Cette mention « Non-mort pour la France » ne veut pas dire qu’il n’est pas mort (non-mort), mais au contraire que sa mort, bien que déclarée alors qu’il était encore mobilisé, n’est pas due à un fait de guerre. Ils seront 95’000 à ne pas obtenir la mention pendant la « grande guerre ». Effectivement, Pierre est mort d’une broncho-pneumonie (il faut lire grippe espagnole) à l’hopital Saint-Agne de Toulouse le 13 octobre 1918.

N.B. Guillaume Apollinaire est lui aussi mort en novembre 1918 de la même maladie, mais lui, est « Mort pour la France ». Une différence qui tient au fait que Apollinaire a bataillé pour être reconnu français et y est parvenu en 1916. Mais quand même…

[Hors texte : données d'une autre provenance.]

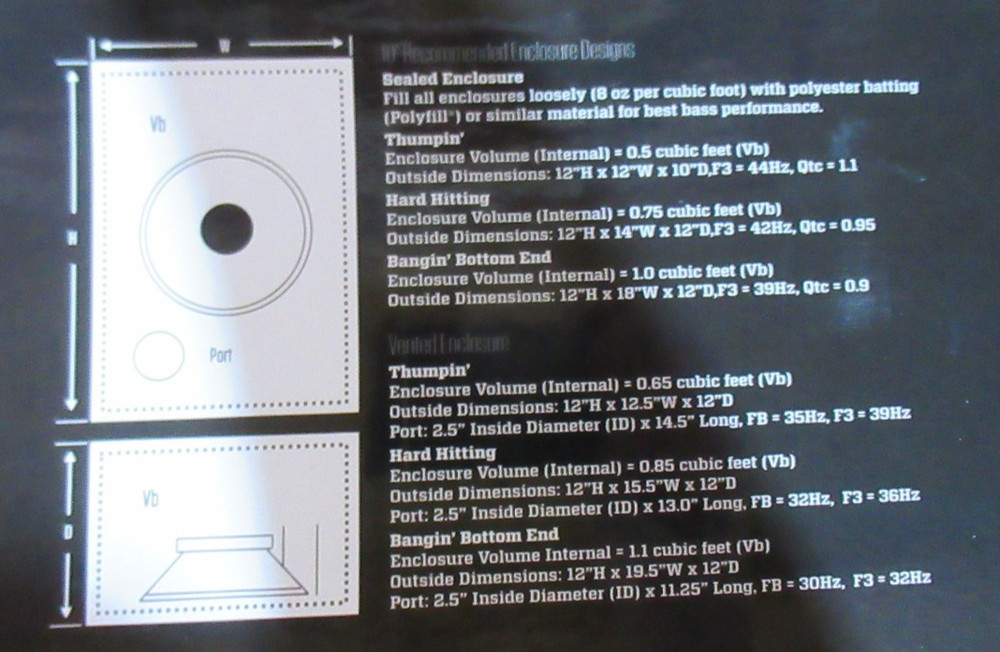 JENSEN DUBw10 DUB EDITION 10" SUBWOOFER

Pierre est quand même cité sur le monument aux morts de la ville de Saint-Médard de Guizière (Gironde). Cela me fait plaisir!

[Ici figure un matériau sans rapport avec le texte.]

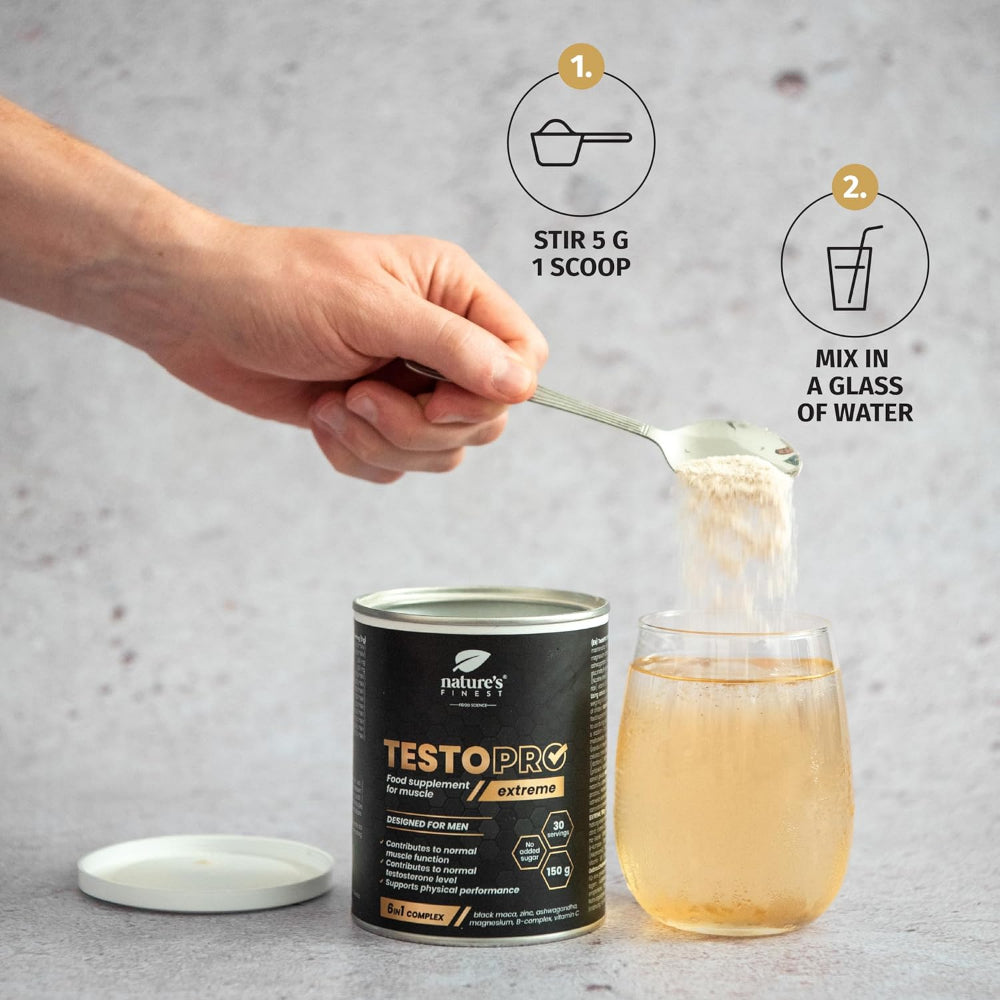 Nature's Finest TestoPRO Extreme 6-in-1 Muskel- und Testosteron-Support-Komplex – Bild 4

Pierre était l’aîné de la famille (avec 2 frères et 3 soeurs plus jeunes, dont François, le grand-père paternel de mon papa). Il mesurait 1m61, ce qui vScreenshot 2019-08-18 at 15.09.46.pngeut dire qu’il était aussi le plus grand de la famille. Il était blond aux yeux gris et à 20 ans, en 1892, avec le matricule numéro 1146, il est bon pour le service militaire.
En 1893 (même en étant de la classe 1892), à 21 ans donc, il part en voyage et intègre le 6ème RCA qui est un régiment de cavaliers, basé dans le sud Oranais, à Mascarat, en Algérie, où il restera 3 ans, conformément à la loi Frécinet, du 15 juillet 1889, qui porte le service militaire à trois ans. Avec le numéro 89 au tirage, il ne risquait pas de voir son temps réduit (les plus chanceux faisaient seulement une année de service, grâce au tirage).

caserne Mascarat
La caserne à Mascarat

Il fut libéré en Octobre 1896, mais passé dans la réserve de l’armée active, c’est-à-dire qu’il devait se tenir prêt à reprendre les armes en cas de guerre. Nous supposons, en lisant ce texte ci-dessous, qu’il a passé 6 jours en prison pour divers faits « criminels » pendant son service.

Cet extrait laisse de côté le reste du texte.